Work to be completed => Could the listing be repeated exactly, with every picture dropped?

Data for review =>
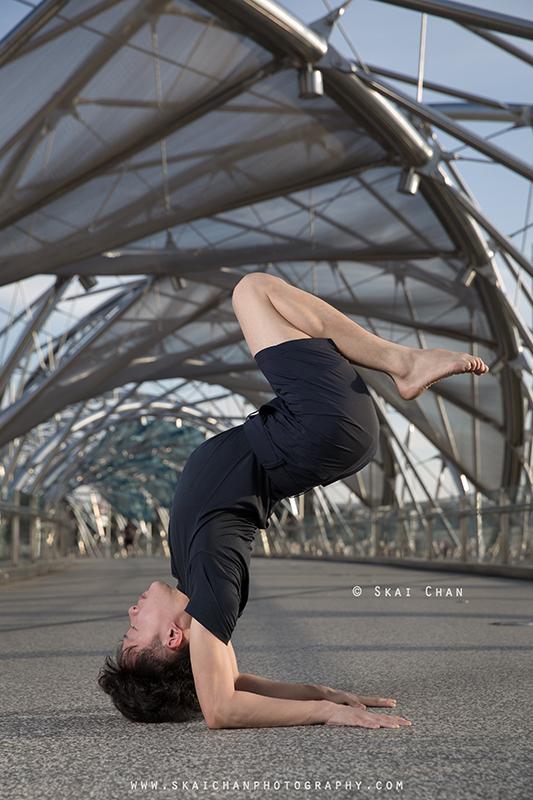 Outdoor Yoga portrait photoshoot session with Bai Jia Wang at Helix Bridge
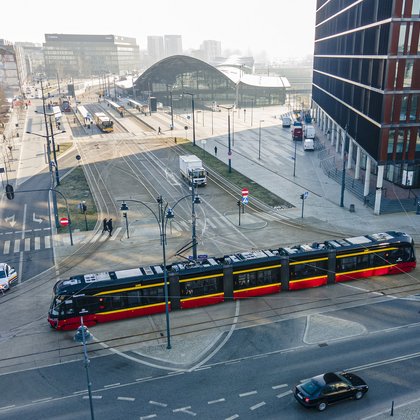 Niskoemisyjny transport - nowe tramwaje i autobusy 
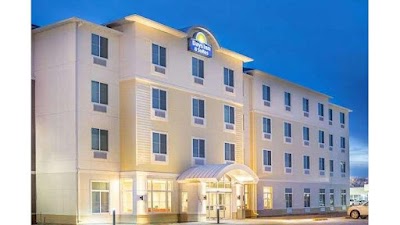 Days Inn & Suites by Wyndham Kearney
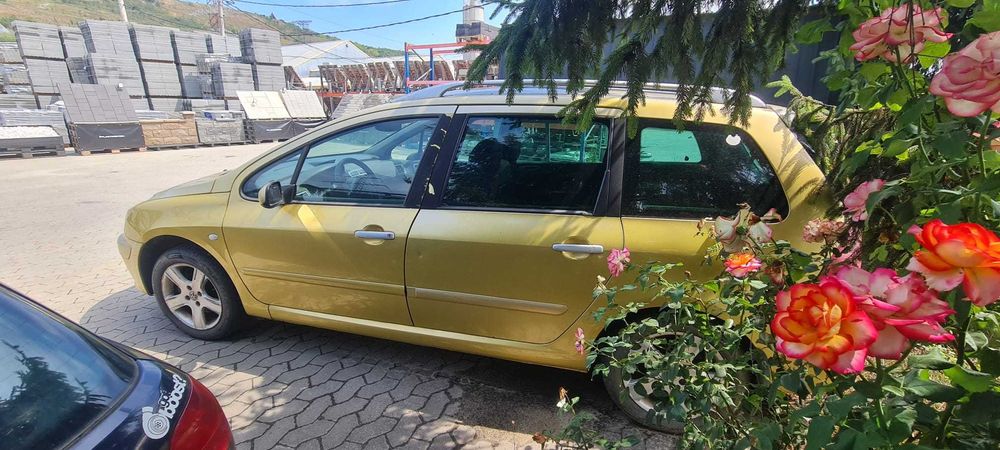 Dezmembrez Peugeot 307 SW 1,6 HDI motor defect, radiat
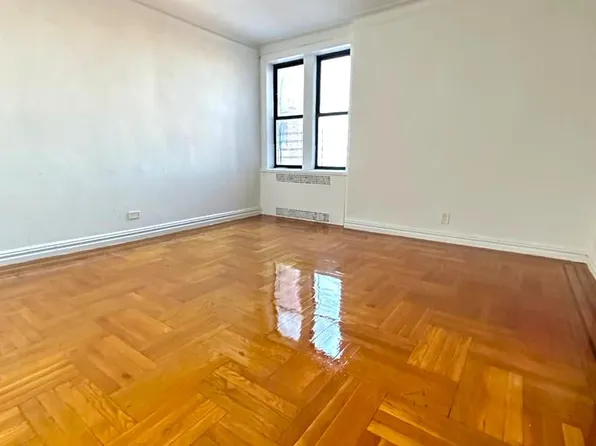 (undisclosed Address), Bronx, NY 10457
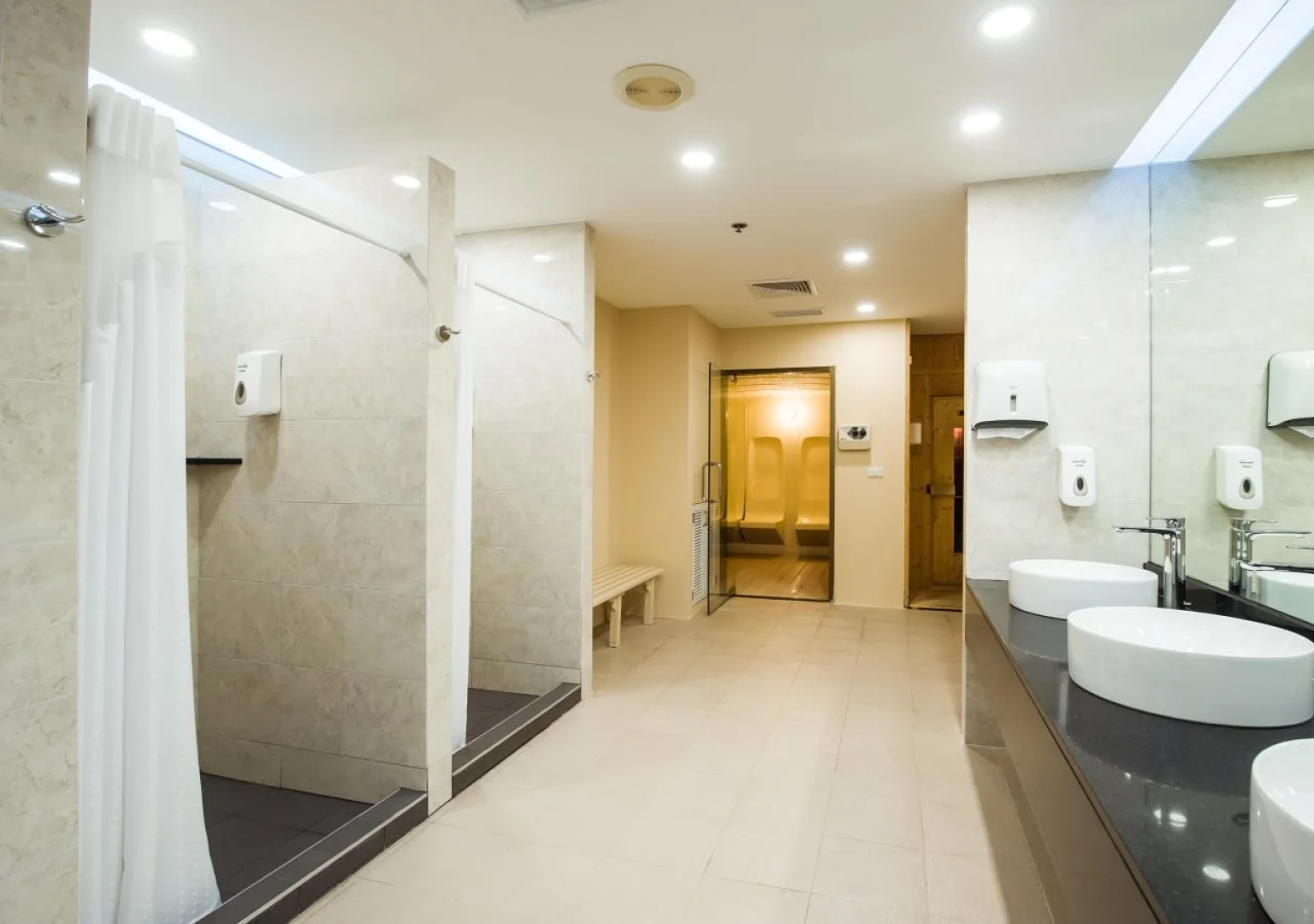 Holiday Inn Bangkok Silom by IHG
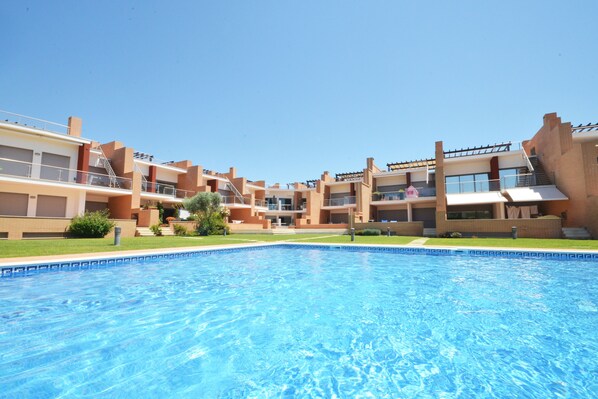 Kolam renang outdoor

Task solution =>
 Outdoor Yoga portrait photoshoot session with Bai Jia Wang at Helix Bridge
 Niskoemisyjny transport - nowe tramwaje i autobusy 
 Days Inn & Suites by Wyndham Kearney
 Dezmembrez Peugeot 307 SW 1,6 HDI motor defect, radiat
 (undisclosed Address), Bronx, NY 10457
 Holiday Inn Bangkok Silom by IHG
 Kolam renang outdoor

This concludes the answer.